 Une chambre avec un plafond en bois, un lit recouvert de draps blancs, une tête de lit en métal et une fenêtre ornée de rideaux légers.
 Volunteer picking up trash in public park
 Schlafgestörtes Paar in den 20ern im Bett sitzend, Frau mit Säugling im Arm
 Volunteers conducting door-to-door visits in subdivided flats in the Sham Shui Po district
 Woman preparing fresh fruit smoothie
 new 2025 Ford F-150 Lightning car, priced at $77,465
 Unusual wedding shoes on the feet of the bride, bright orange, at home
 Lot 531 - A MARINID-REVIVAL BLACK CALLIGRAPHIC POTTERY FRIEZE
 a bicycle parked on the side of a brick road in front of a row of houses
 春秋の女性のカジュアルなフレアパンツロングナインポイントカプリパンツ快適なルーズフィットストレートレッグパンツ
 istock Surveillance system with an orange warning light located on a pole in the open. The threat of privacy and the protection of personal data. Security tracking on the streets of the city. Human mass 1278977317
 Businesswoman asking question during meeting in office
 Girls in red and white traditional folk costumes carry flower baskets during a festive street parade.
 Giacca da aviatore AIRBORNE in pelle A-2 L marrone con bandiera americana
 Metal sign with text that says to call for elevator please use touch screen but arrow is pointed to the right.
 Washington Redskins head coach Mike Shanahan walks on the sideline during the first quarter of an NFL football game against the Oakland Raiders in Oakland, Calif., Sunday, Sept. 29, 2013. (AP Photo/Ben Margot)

### Exercise:
Up to and including the line with "Woman preparing fresh fruit smoothie", repeat the data exactly, starting from its first line; nothing else belongs in the response.

### Exercise solution:
 Une chambre avec un plafond en bois, un lit recouvert de draps blancs, une tête de lit en métal et une fenêtre ornée de rideaux légers.
 Volunteer picking up trash in public park
 Schlafgestörtes Paar in den 20ern im Bett sitzend, Frau mit Säugling im Arm
 Volunteers conducting door-to-door visits in subdivided flats in the Sham Shui Po district
 Woman preparing fresh fruit smoothie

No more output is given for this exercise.